Process and Policy Insights from an Intercomparison of Open Electricity System Capacity Expansion Models
Greg Schivley, Aurora Barone, Michael Blackhurst, Patricia Hidalgo-Gonzalez, Jesse Jenkins, Oleg Lugovoy, Qian Luo, Michael J. Roberts, Rangrang Zheng, Cameron Wade, Matthias Fripp
TL;DR
This study tackles the challenge of divergent results across open-source electricity capacity expansion models by harmonizing inputs with the PowerGenome data tool and systematically testing multiple policy scenarios and model configurations. Using four models (TEMOA, Switch, GenX, USENSYS), it demonstrates that under harmonized inputs the models yield near-identical cost-minimizing outcomes for current policies and net-zero pathways, with residual differences driven mainly by configurations such as unit commitment and economic retirement.
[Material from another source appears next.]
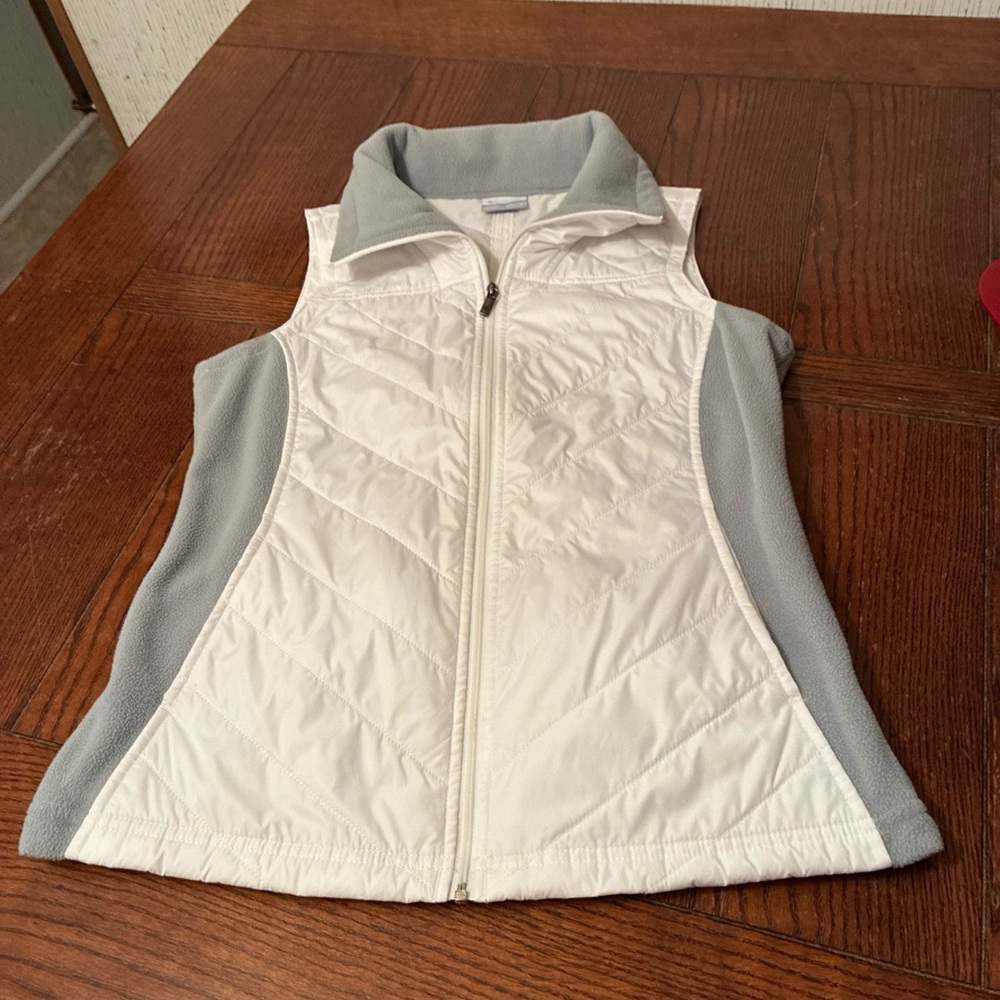 Columbia Women's White and Gray Vest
Key findings show that a carbon buyout price of $1000/tonne$ is a dominant driver of emissions reductions, while transmission constraints and CCS availability significantly shape technology mix and costs. The paper also provides practical guidelines for conducting intermodel comparisons, including data pipelines and transparent scenario/configuration definitions, to improve robustness and policy relevance for decarbonizing electricity systems.
Abstract
This study performs a detailed intercomparison of four open-source electricity capacity expansion models - Temoa, Switch, GenX, and USENSYS - to evaluate 1) how closely the results of these models align when inputs and configurations are harmonized, and 2) the degree to which varying model configurations affect outputs. We harmonize the inputs to each model using PowerGenome and use clearly defined scenarios (policy conditions) and configurations (model setup choices). This allows us to isolate how differences in model structure affect policy outcomes and investment decisions. Our framework allows each model to be tested on identical assumptions for policy, technology costs, and operational constraints, allowing us to focus on differences that arise from inherent model structures. Key findings highlight that, when harmonized, models produce very similar capacity portfolios under current policies and net-zero scenarios, with less than 1% difference in system costs for most configurations. This agreement among models allows us to focus on how configuration choices affect model results. For instance, configurations with unit commitment constraints or economic retirement yield different investments and system costs compared to simpler configurations. Our findings underscore the importance of aligning input data and transparently defining scenarios and configurations to provide robust policy insights.